## How to complete this task
Beginning with the line of the entries below that holds "1980 Press Photo" and ending with the line that holds "Номер Стандарт с", transcribe each line exactly as written. Pictures stay out.

Top of Data supplied

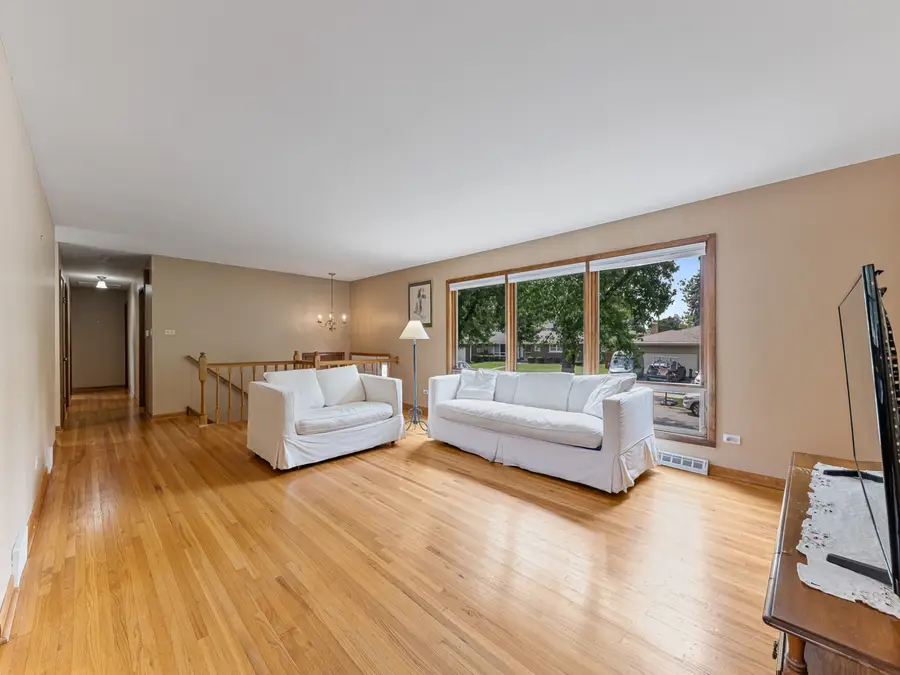 8624 W 145th Street, Orland Park, IL 60462 - #3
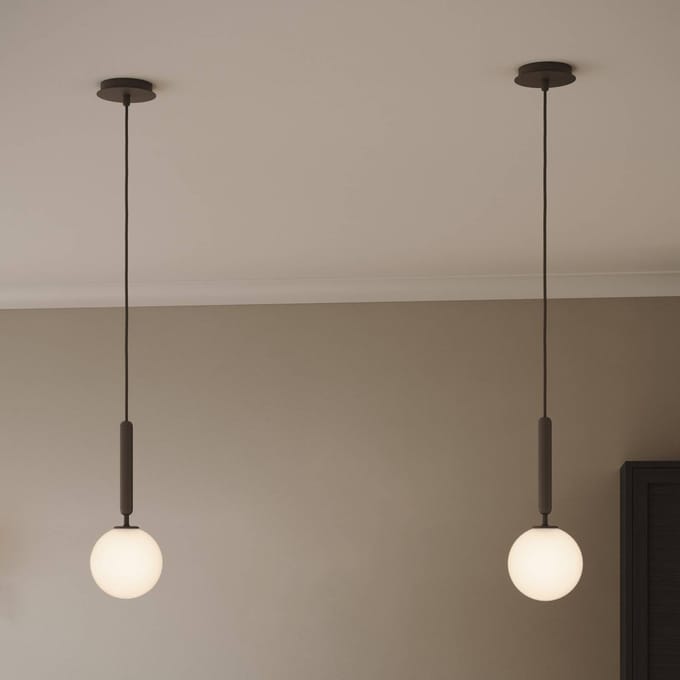 Nuura Miira 1 Hanglamp Rotsgrijs & Opaal Wit Klein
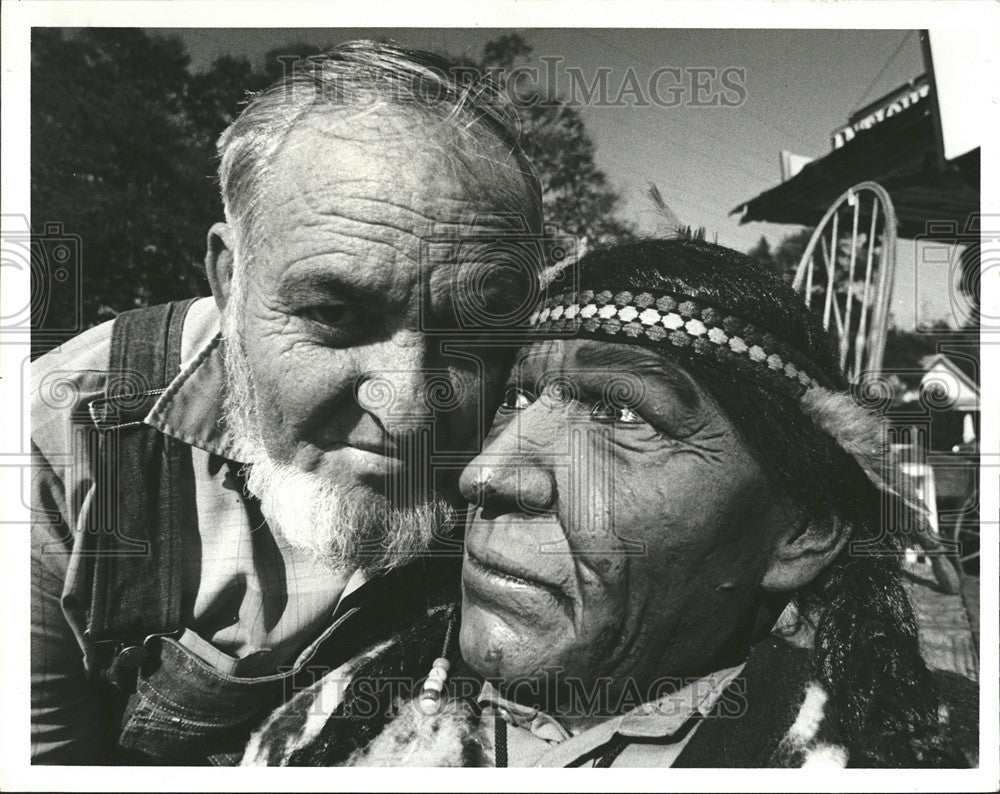 1980 Press Photo L.T. &quot;Smitty&quot; Smith Antique Shop Owner Floral City Florida - Historic Images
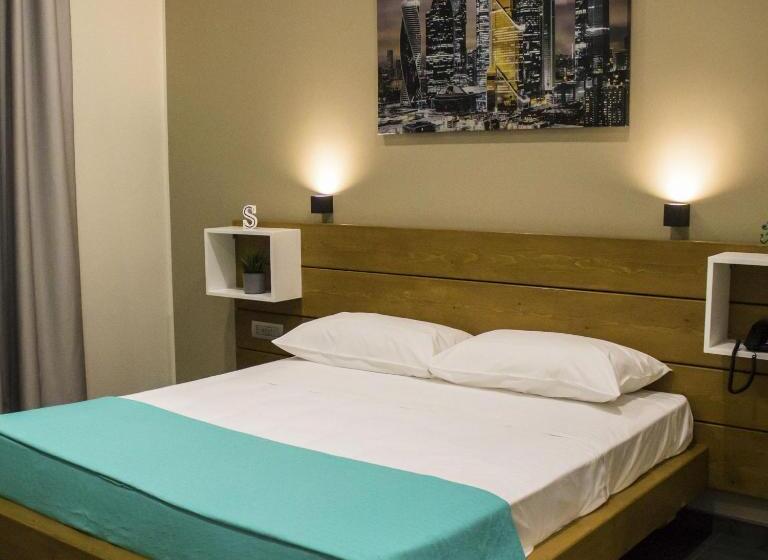 Номер Стандарт с Балконом, Brahma Luxury Rooms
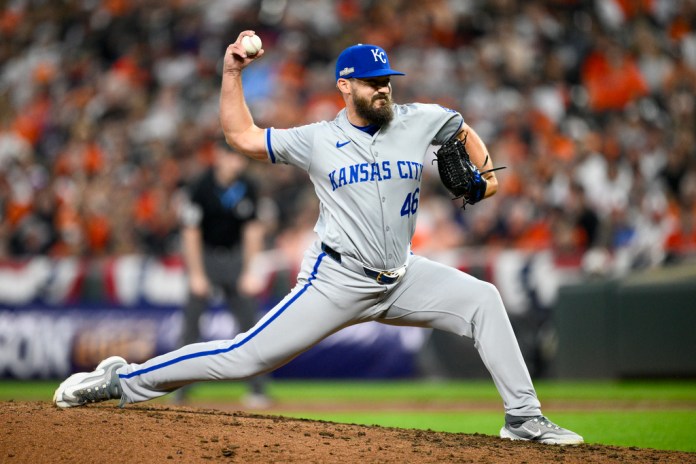 El lanzador de los Kansas City Royals, John Schreiber, lanza un lanzamiento contra los Baltimore Orioles durante la sexta entrada del segundo juego de la Serie de Comodines de la Liga Americana, el miércoles 2 de octubre de 2024 en Baltimore. (Foto AP/Nick Wass)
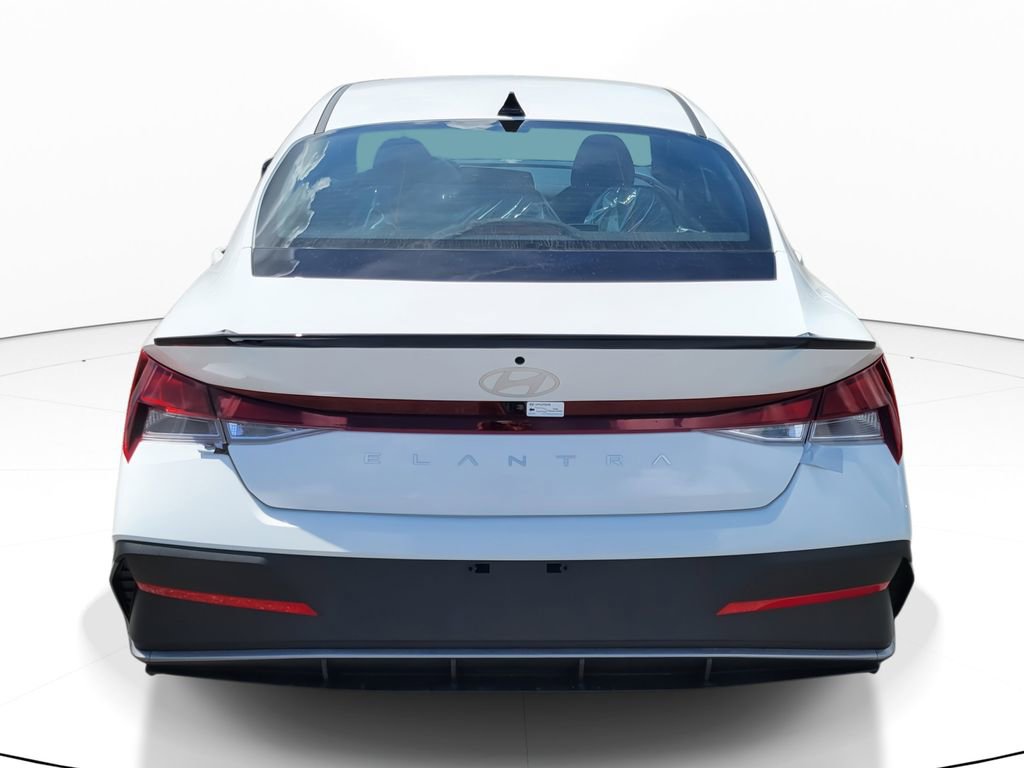 Certified 2025 Hyundai Elantra Sport image 5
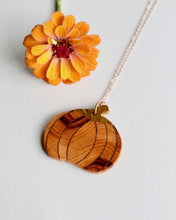 Load image into Gallery viewer, Pendant: Pumpkins
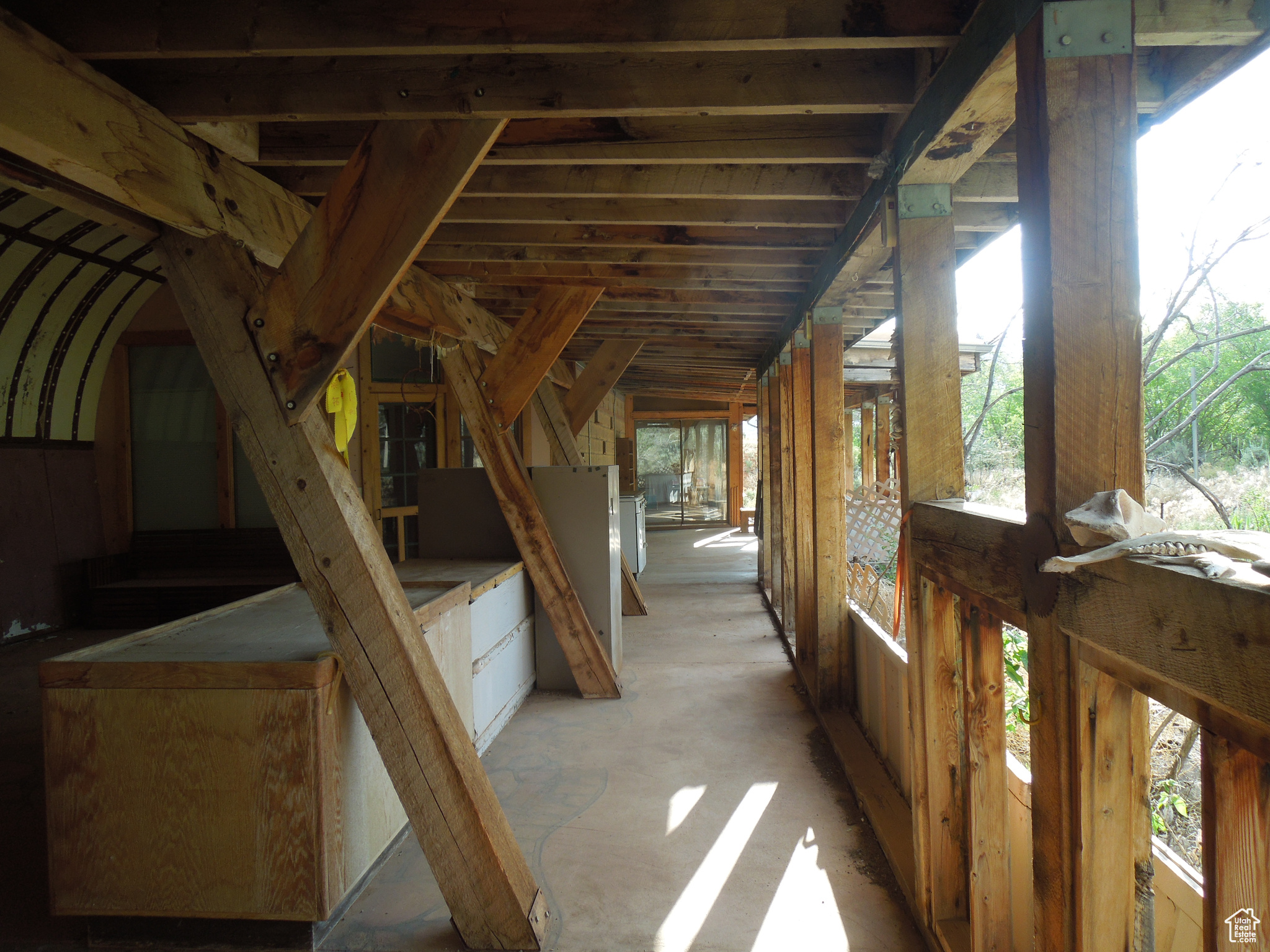 CASTLE VALLEY RIVER RANCHOS - Residential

Bottom of Data supplied

## Exercise result
 1980 Press Photo L.T. &quot;Smitty&quot; Smith Antique Shop Owner Floral City Florida - Historic Images
 Номер Стандарт с Балконом, Brahma Luxury Rooms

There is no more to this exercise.